What you will do:
Extract the whole listing as it stands. Do not include the pictures.

Data for processing:
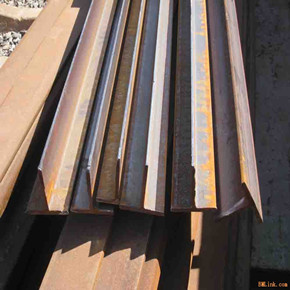 Steel Structure T-Section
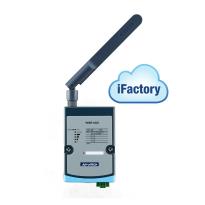 [NVT010353] SRP-IFS200-W42AG Módulo inalámbrico 2.4G WiFi IoT con sensor de temperatura y humedad
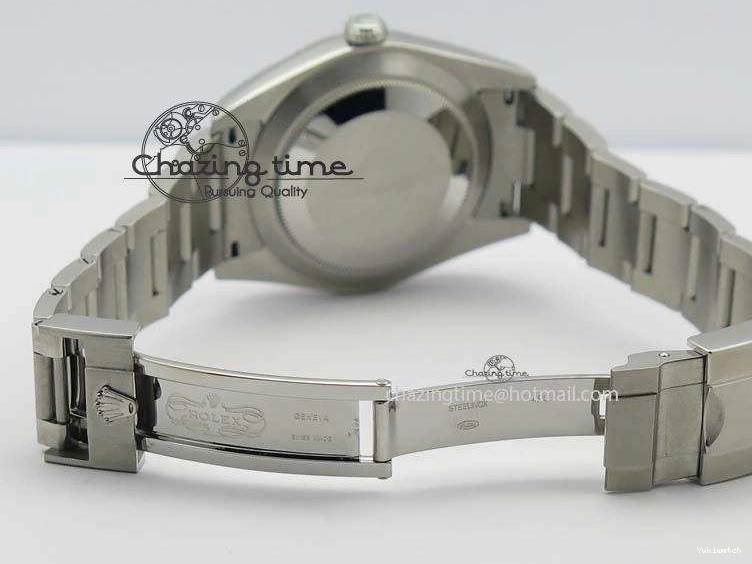 2016 I 1:1 Edition 214270 EXPLORER Noob SS A2824 39mm Baselworld Best On Bracelet 0227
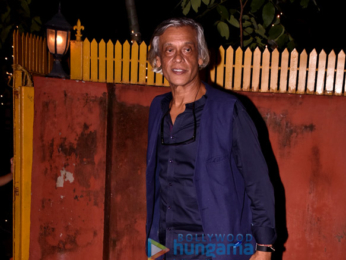 Shabana Azmi's star-studded Diwali bash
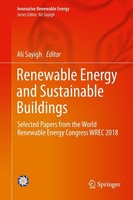 Renewable Energy And Sustainable Buildings Ali Sayigh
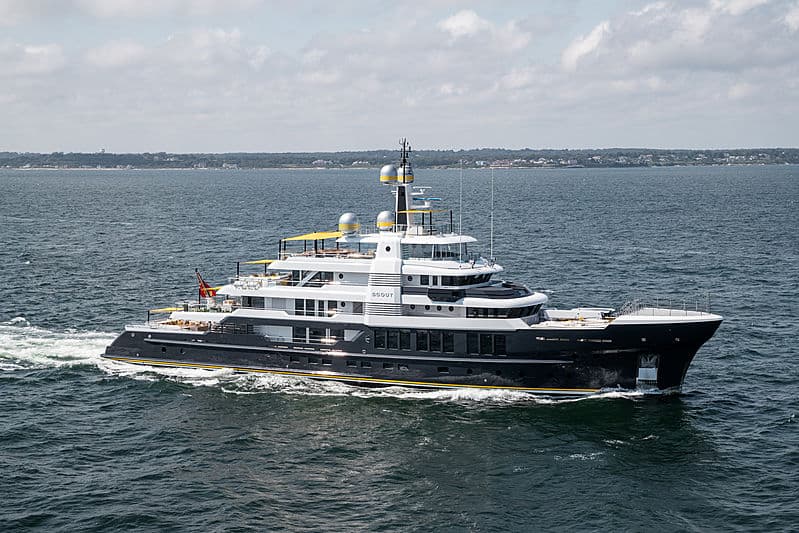 Motor Yacht Scout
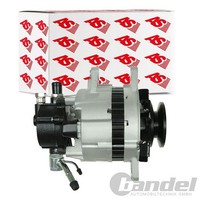 As-Pl Generator Lichtmaschine 65A Passend FüR Hyundai Galloper H100 Mitsubishi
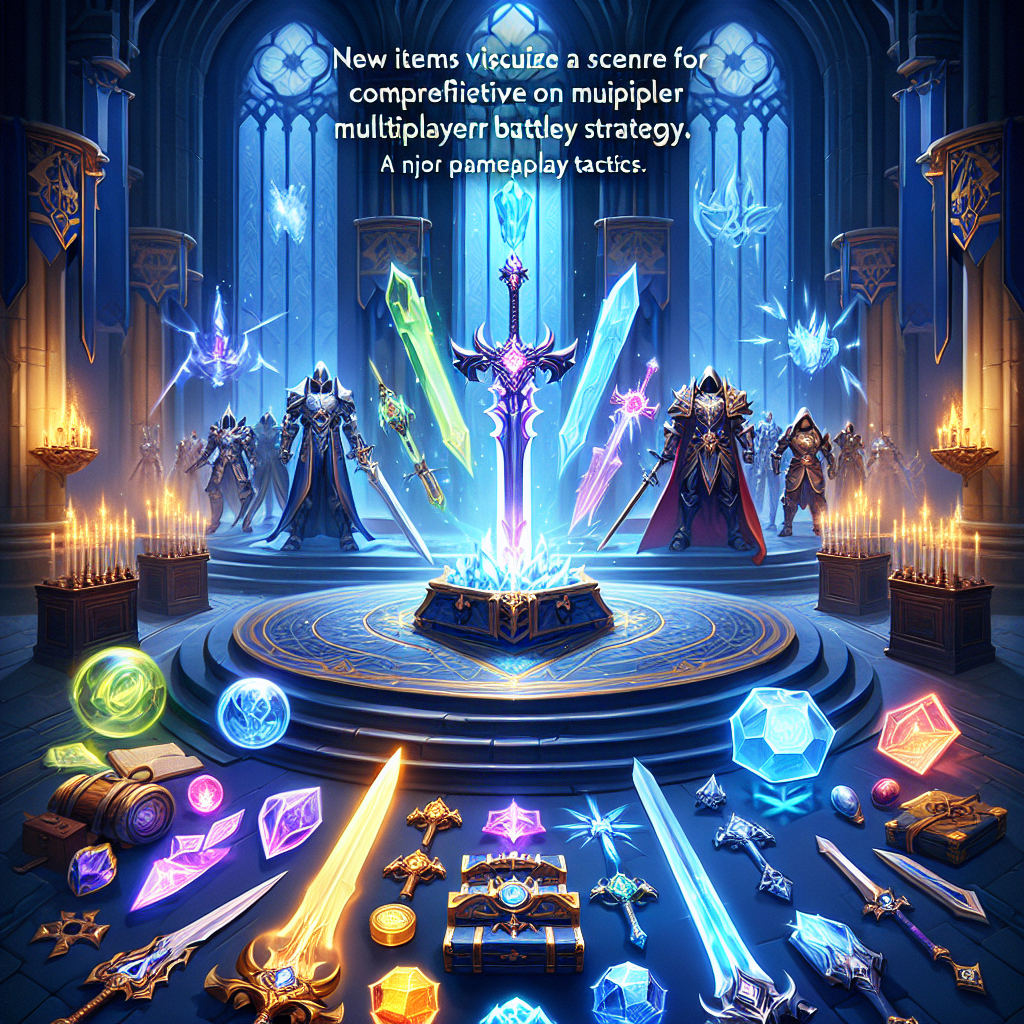 Item Baru Mobile Legend Membawa Perubahan Besar dalam Strategi Permainan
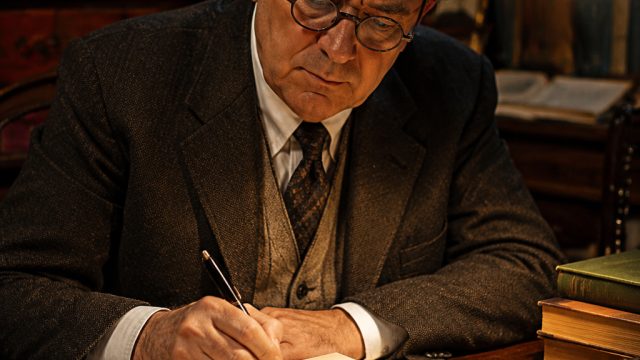 Unveiling Jacob Bronowski's Poetry: A Modern Literary Discovery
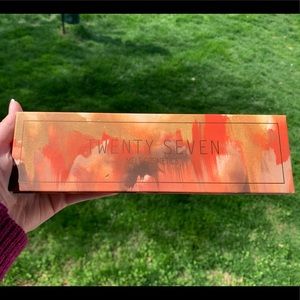 Twenty Seven Palette by Melt Cosmetics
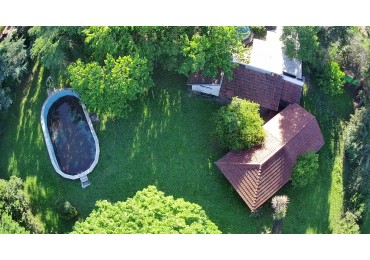 Quinta en zona centrica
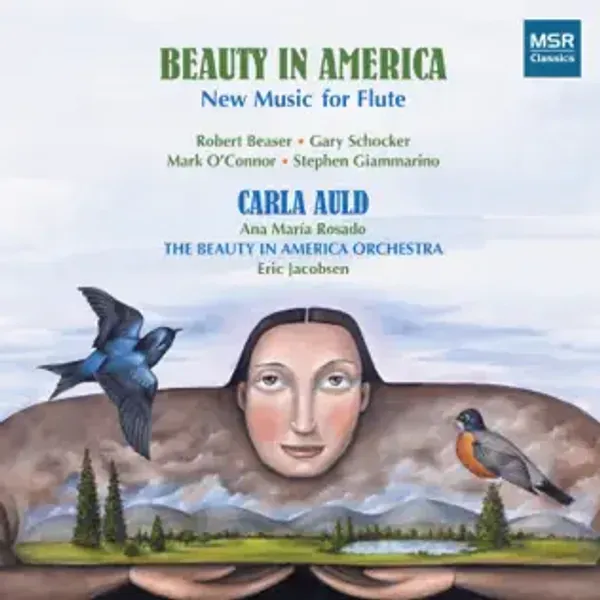 Carla Auld, Flutist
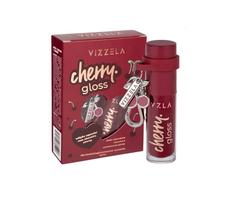Gloss Labial Cherry Gloss Vizzela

Answer space:
 Steel Structure T-Section
 [NVT010353] SRP-IFS200-W42AG Módulo inalámbrico 2.4G WiFi IoT con sensor de temperatura y humedad
 2016 I 1:1 Edition 214270 EXPLORER Noob SS A2824 39mm Baselworld Best On Bracelet 0227
 Shabana Azmi's star-studded Diwali bash
 Renewable Energy And Sustainable Buildings Ali Sayigh
 Motor Yacht Scout
 As-Pl Generator Lichtmaschine 65A Passend FüR Hyundai Galloper H100 Mitsubishi
 Item Baru Mobile Legend Membawa Perubahan Besar dalam Strategi Permainan
 Unveiling Jacob Bronowski's Poetry: A Modern Literary Discovery
 Twenty Seven Palette by Melt Cosmetics
 Quinta en zona centrica
 Carla Auld, Flutist
Gloss Labial Cherry Gloss Vizzela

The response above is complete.